Rusya'nın sicili ezelden beri bozuktur. Rus düşmanlığı, "Moskof mezalimi" kelimesiyle mezar taşlarımıza bile kazınmıştır. Geçmişte Stalin diktatörü, Kars ve Ardahan'ı istemekle kalmadı, Boğazlar üzerinde de hak kazanmaya kalkıştı. Komünist Kremlin, hürriyet bahşetme aldatmacasıyla bütün Garbî Türkistan'ı, Kafkaları, Balkanları ve Baltık Bölgesini işgal etmişti.

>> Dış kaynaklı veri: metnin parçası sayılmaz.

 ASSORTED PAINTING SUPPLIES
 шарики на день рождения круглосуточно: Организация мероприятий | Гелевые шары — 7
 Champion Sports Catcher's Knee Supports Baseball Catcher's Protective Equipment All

Bir kıta büyüklüğündeki topraklarla tatmin olmayan Moskova'nın emperyalist alışkanlığı, Suriye ve Libya'da da yine karşımıza çıktı. Devletimiz, takip ettiği ince diplomasi siyaseti ile bunları da masada halletme yollarına gitti. Kızıl ordu 1979 da Afganistan'a girmiş ve SSCB nin dağılmasına sebep olmuştu. Bir zamanlar da Hitler'in hırsları, 60 milyondan fazla insanın ölümüyle sonuçlanmıştı. Putin bunlardan dersler çıkarmamış demek ki.

Görünen o ki ortada aklıyla hareket eden değil, geçmişin özlemini çeken ve hırslarıyla hareket eden bir Putin var. Bu hem Rusya'ya, hem bölgemize ve hem de dünyaya büyük zararlar verecektir. Biden'ın desteğiyle iktidarı alıp Türkiye'yi ABD'nin dümen suyunda yönetme hayali kuranlar ve geleceğini bu projede görenler, Ukrayna'dan ders alıp akıllarını başına almazlar mı acaba?